Juanfran no cree en las onegés, al menos no en todas. Dice que hay mucha burocracia e hipocresía en torno a ellas, sobre todo en las consideradas importantes o más conocidas. «Aquí hay más de 1.200 onegés que se mueven sepa Dios con qué intereses. Son muy pocas a las que realmente les interesa la realidad de este país, que es el cuarto más corrupto del mundo. Yo lo que digo que para qué tantas onegés y que de existir deberían estar en los países desarrollados concienciando a la gente sobre la necesidad de ayuda en estas zonas».
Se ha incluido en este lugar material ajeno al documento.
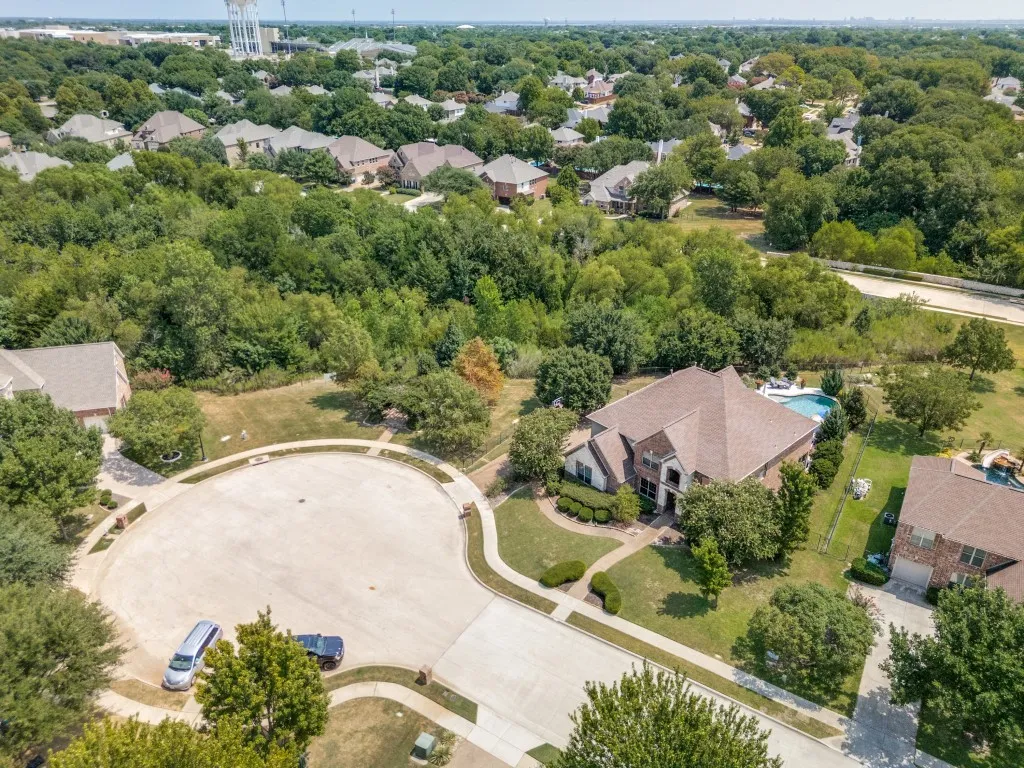 Rare cul-de-sac setting in The Reserve at Hickory Springs with the home positioned alongside a wooded protected greenbelt, offering exceptional privacy in the heart of Flower Mound.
Pero no crean que en todas sus guerras interiores que lleva a cabo a Juanfran se le olvida Granada. Suele venir cada ocho meses, que es el tiempo de tregua que le da su corazón hasta encontrarse con sus familiares y amigos aquí en Granada. «A pesar de que puedo estar en mil sitios, nunca me olvido de mi tierra. Al restaurante del hotel le pusimos 'La Alhambra'. En todo el establecimiento tengo fotos con motivos granadinos y una de nuestras especialidades es. ¡la tortilla de patatas! Todos los españoles que van por allí la piden. Y algunos clientes me han dicho que ya que soy de Granada al menos podía poner las tapas gratis», dice.
En cuanto a su futuro, sólo Dios lo sabe. Juanfran dice estar muy a gusto en Camboya, donde tiene pareja y un socio en el hotel que más que socio es su amigo. Pero sabe que su inestabilidad espiritual no le dejará estar por mucho tiempo más en ese país. «Se que algún día tendré que irme a otro sitio. No sé, soy así. Es que, en el fondo, a mí me gusta complicarme los viajes", comenta Juanfran con una de esas sonrisas que parece aprendida de los niños camboyanos.